I’m fifteen minutes early, as instructed, to sign waivers and be fitted for ski boots. I’m expecting the kind of flesh-pinching, torture-plastic, that I see the downhill skiers wearing. Instead, I’m pleasantly surprised to be given soft, comfortable shoes, that look and feel just like hiking boots. No long socks required.  

Kate's cross-country ski boot.
The comfy ski boot. PHOTO KATE HESKETT

With my ski boots on, I walk outside to get my skis and meet the rest of my group. They assure me that at least two of their party are complete beginners, and the others have only a  little experience. I feel better. It’s not just me who has no idea what they’re doing. 

We meet Bob, our CANSI certified instructor, and carry our skis through the log entrance of Lost Lake Park. Walking in my fancy boots is easy. So far, so good.  

Bob instructs us to move to the track, two parallel groomed slots, at the start of the trail. My group promptly drop their skis, step easily into them, and ski over to the track in a single, organised file.  

I try to replicate what everyone else just did, but every time I step on the ski and lift up my foot, my ski is not attached. I wave frantically and Bob comes to my aid, a mixture of concern and confusion on his face. It turns out that all my fellow “beginners” are actually downhill skiers, and it hasn’t occurred to anyone that I have no idea how to even put skis on. Bob smiles and calmly shows me how to position my boot on the ski so that it clips in. It’s actually not that hard, once you know-how. My second nice surprise for the day is that only the toe needs to be clipped in – my heel is free to move up and down. 

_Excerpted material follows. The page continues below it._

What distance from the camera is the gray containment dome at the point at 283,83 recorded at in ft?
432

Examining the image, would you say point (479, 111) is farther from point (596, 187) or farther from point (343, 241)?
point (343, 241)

Kate's cross country skis.
Kate finally gets her skis on. PHOTO KATE HESKETT

Bob announces to the group that our first skiing exercise requires only one ski and no poles. I’m excited about the one ski part. Our task is to keep one ski in the track and push off with our free foot, trying to let the ski foot slide forward as much as possible. A bit like skateboarding, or riding a scooter. As the group practises sliding forward, a person in front of me goes down. Bob helps them up, they’re ok, more embarrassed than injured. I can’t help thinking, at least it wasn’t me! 

Beginner, cross-country skiers watch their instructor demonstrate technique.
Practising the one-foot push-along. PHOTO KATE HESKETT

We spend about forty-five minutes working through a series of exercises, each one building on the last. The freshly groomed track makes a huge difference to my learning curve as it keeps my skis separate and parallel, allowing me to concentrate on shifting my weight and coordinating my poles into a kind of running motion. The cross-country-specific skis also have a section of grip under the binding that helps me to push off through the ball of my foot. 

Bob demonstrates techniques for cross-country skiing.
Bob shows us how it’s done. PHOTO KATE HESKETT

I’m so busy focussing on the skills in each exercise and trying to keep up with the group, that after a while I forget to be scared. Bob comes to check on me and sounds genuinely surprised when he says, That’s looking good! 

It’s starting to feel good too. Maybe I can do this? 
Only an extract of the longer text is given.